----- Record extracts
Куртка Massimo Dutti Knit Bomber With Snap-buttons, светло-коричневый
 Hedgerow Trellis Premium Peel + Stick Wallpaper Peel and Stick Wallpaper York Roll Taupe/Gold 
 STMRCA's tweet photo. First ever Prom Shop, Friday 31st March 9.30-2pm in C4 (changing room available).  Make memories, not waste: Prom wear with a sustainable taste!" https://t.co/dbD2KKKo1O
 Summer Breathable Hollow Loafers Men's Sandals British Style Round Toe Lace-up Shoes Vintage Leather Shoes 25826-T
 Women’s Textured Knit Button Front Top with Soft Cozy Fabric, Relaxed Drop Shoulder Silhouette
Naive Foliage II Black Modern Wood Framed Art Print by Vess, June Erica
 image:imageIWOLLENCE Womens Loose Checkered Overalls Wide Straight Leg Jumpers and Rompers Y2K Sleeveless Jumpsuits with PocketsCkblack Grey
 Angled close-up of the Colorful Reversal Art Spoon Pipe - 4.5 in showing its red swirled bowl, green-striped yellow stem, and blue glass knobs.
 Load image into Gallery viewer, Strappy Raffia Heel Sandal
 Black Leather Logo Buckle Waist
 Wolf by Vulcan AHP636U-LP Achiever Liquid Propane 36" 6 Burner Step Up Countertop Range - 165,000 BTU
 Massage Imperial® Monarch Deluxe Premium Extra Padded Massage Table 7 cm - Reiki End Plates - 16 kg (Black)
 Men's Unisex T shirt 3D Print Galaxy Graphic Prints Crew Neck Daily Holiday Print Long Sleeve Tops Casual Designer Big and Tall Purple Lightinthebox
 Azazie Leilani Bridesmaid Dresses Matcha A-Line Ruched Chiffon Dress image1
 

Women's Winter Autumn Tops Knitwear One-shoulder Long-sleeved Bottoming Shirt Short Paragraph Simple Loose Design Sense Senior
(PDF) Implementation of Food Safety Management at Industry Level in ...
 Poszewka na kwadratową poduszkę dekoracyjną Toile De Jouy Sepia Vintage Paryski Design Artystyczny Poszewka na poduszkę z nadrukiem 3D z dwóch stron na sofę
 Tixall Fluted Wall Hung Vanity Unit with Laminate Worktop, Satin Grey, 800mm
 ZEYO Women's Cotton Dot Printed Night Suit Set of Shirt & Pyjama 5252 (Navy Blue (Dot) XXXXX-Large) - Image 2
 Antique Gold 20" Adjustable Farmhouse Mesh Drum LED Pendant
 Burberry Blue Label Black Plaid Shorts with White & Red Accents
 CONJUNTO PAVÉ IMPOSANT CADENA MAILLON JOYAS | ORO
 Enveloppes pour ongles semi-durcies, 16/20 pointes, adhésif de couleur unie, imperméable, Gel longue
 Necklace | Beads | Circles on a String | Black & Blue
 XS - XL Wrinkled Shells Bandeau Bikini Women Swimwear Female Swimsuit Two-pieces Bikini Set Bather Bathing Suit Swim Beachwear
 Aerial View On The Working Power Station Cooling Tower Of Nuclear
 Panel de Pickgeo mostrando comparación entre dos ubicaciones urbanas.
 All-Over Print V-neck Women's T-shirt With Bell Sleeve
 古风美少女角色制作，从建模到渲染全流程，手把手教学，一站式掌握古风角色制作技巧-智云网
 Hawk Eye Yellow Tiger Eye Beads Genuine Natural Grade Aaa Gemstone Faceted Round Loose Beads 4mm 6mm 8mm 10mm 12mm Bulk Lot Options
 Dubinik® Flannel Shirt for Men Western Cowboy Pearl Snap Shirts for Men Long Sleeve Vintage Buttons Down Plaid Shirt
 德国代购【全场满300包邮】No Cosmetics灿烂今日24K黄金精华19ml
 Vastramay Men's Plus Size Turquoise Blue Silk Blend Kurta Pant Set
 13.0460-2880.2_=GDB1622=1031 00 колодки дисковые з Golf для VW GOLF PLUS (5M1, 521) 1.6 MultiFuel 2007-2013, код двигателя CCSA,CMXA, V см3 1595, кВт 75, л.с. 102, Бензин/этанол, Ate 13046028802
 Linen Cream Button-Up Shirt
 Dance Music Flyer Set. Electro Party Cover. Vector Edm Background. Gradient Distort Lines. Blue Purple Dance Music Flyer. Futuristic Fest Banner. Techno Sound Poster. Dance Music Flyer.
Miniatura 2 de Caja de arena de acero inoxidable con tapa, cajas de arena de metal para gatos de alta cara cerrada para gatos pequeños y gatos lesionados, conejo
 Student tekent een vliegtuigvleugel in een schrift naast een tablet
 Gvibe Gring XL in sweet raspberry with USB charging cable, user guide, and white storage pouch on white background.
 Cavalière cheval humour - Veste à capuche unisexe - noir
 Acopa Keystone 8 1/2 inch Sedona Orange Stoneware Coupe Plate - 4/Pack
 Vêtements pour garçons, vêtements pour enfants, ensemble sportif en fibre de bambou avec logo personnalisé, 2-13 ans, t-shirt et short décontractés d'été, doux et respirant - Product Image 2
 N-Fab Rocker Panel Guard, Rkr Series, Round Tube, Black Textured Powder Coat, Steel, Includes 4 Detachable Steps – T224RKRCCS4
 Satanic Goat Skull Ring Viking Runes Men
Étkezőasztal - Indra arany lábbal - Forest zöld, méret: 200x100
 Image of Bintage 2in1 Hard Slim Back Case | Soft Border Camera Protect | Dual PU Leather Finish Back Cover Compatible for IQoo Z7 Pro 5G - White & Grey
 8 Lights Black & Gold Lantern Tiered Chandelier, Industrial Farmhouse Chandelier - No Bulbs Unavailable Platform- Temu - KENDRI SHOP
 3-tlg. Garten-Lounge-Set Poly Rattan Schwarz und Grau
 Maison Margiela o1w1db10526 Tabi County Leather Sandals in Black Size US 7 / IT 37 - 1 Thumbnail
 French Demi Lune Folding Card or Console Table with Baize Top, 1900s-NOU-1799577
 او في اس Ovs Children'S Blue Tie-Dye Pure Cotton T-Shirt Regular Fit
----------
Problem to solve: Lines of the listing above that contain the word "Textured" should all be returned.

Worked solution:
 Women’s Textured Knit Button Front Top with Soft Cozy Fabric, Relaxed Drop Shoulder Silhouette
 N-Fab Rocker Panel Guard, Rkr Series, Round Tube, Black Textured Powder Coat, Steel, Includes 4 Detachable Steps – T224RKRCCS4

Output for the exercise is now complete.